Le langage moderne au sujet des pollutions apparaît dans la presse française au cours des années 1860. Dès lors, la couverture médiatique des rejets industriels dans la nature ne fera que s’affirmer, jusqu’à aujourd’hui.

La pollution peut être définie au sens large comme la dégradation d’un milieu par l’introduction de substances ou de radiations, entraînant une perturbation plus ou moins importante de l’écosystème. Cette définition moderne du mot pollution n’apparaît toutefois qu’à la fin du XIXe siècle, les sociétés anciennes privilégiant quant à elles les notions de nuisance, de corruption ou d’insalubrité pour décrire le rejet de déchets ou matières dangereuses dans les milieux.

Devenue aujourd’hui une obsession quotidienne et mondiale, à l’heure des smogs aux particules fines qui affectent les grandes métropoles et des contaminations de tous les milieux physiques de la planète par l’action humaine, la question des pollutions a pourtant mis du temps à émerger et les significations du mot ont beaucoup changé au fil du temps. Avant l’ère des pollutions globales, les sociétés anciennes privilégiaient d’autres notions pour désigner les déchets et substances nocives rejetées dans un milieu. Si le phénomène inquiétait également, il restait plus restreint, limité et localisé. Les nuisances et produits insalubres étaient des catégories juridiques décrivant des processus sociaux comme l’atteinte à la propriété.

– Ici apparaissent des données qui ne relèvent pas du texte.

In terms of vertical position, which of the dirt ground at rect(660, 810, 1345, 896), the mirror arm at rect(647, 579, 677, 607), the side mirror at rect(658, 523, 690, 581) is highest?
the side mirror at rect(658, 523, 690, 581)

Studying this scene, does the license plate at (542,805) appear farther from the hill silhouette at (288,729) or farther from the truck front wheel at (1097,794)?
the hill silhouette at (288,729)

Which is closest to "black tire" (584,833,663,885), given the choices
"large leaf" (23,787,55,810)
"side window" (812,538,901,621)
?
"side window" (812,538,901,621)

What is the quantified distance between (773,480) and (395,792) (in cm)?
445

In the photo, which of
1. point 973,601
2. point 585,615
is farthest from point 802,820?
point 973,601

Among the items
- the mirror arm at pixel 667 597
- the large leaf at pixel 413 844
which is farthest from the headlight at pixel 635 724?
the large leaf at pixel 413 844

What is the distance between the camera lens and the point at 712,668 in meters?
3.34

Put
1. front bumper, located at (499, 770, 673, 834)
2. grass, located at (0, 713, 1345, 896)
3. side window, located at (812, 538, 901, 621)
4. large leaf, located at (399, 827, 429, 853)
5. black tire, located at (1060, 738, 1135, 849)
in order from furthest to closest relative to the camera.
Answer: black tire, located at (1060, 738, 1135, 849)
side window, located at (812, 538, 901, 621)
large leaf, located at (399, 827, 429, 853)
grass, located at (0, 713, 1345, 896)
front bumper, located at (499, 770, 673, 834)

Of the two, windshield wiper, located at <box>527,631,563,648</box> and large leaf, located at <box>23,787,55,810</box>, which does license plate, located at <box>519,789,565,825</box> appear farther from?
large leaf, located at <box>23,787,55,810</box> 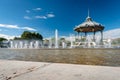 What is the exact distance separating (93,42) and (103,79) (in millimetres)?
32097

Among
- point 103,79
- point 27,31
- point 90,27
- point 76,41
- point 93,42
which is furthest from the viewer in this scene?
point 27,31

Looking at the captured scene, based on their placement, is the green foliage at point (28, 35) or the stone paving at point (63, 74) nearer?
the stone paving at point (63, 74)

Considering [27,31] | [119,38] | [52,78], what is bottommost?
[52,78]

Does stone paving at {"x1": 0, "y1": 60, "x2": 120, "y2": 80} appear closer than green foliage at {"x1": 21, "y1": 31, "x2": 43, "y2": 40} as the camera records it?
Yes

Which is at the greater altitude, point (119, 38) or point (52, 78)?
point (119, 38)

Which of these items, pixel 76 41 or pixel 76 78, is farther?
pixel 76 41

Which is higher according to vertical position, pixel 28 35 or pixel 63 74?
pixel 28 35

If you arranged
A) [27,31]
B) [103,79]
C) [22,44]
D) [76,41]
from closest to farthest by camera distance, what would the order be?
[103,79], [76,41], [22,44], [27,31]

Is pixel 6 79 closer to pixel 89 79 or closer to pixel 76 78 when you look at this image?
pixel 76 78

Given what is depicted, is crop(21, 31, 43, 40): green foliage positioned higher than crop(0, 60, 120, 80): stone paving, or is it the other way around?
crop(21, 31, 43, 40): green foliage

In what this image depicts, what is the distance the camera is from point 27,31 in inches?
2830

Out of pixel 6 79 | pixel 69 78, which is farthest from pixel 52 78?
pixel 6 79

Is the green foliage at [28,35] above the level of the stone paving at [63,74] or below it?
above

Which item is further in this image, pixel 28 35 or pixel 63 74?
pixel 28 35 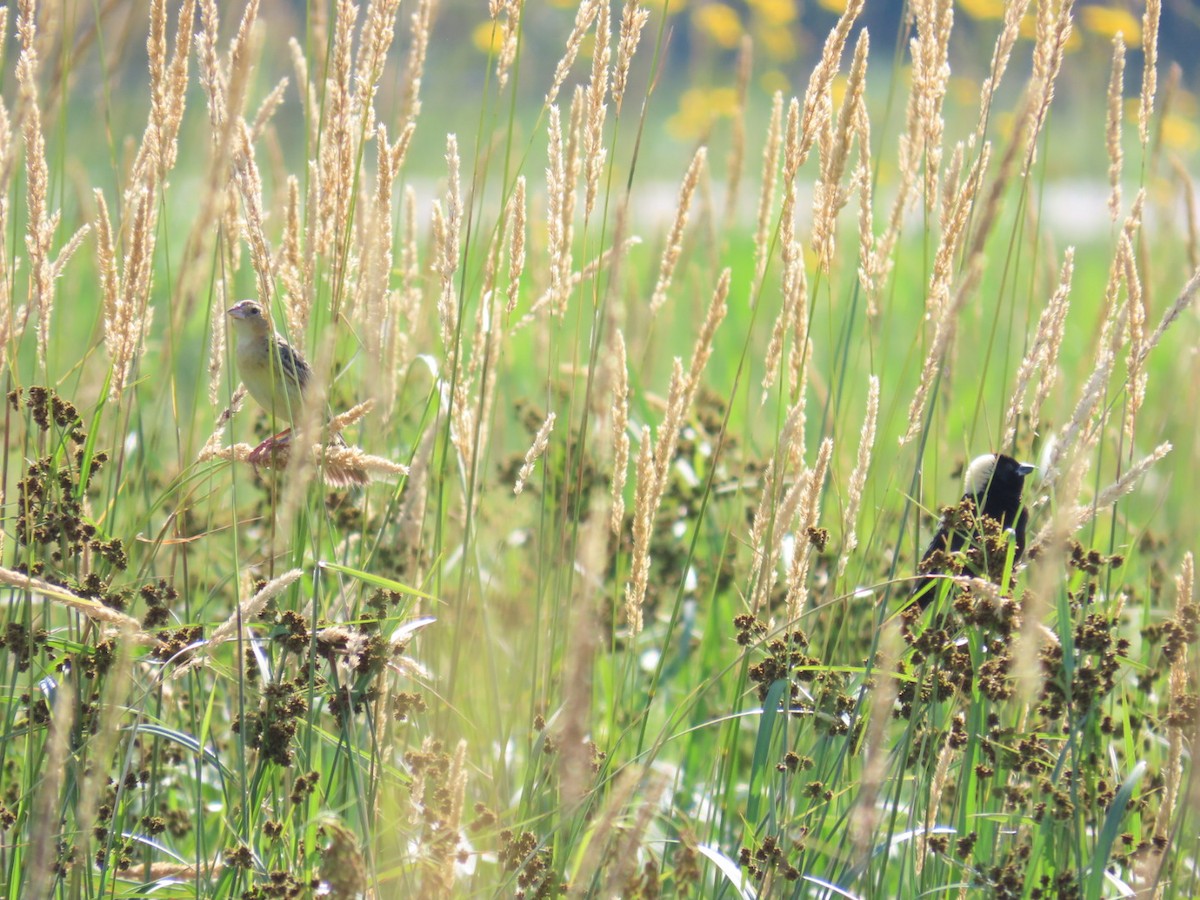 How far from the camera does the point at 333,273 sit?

Le langage moderne des pollutions ne commence réellement à apparaître qu’après 1860 ; il relève des sciences physiques et bio-chimiques et de l’expertise scientifique. Ce glissement d’un jugement de droit à l’expertise est fondamental pour comprendre l’évolution de la question des pollutions et leur prise en charge par les sociétés contemporaines.

L’histoire du mot pollution, ses occurrences et sa circulation dans la presse et dans l’espace public éclairent les dynamiques environnementales contemporaines et leur naissance. Le graphique ci-dessous montre clairement l’accroissement important de ses usages depuis deux siècles. Il révèle aussi l’existence de plusieurs phases dans la présence médiatique du mot avant les années 1950, qui voient sa généralisation et sa diffusion de plus en plus massive : avant 1860 le terme pollution reste d’un usage très limité et rare avec une signification essentiellement morale, entre 1860 et 1914 son emploi commence à circuler dans la presse en lien avec la montée des préoccupations environnementales et hygiénistes ; les usages augmentent ensuite fortement durant l’entre-deux-gue...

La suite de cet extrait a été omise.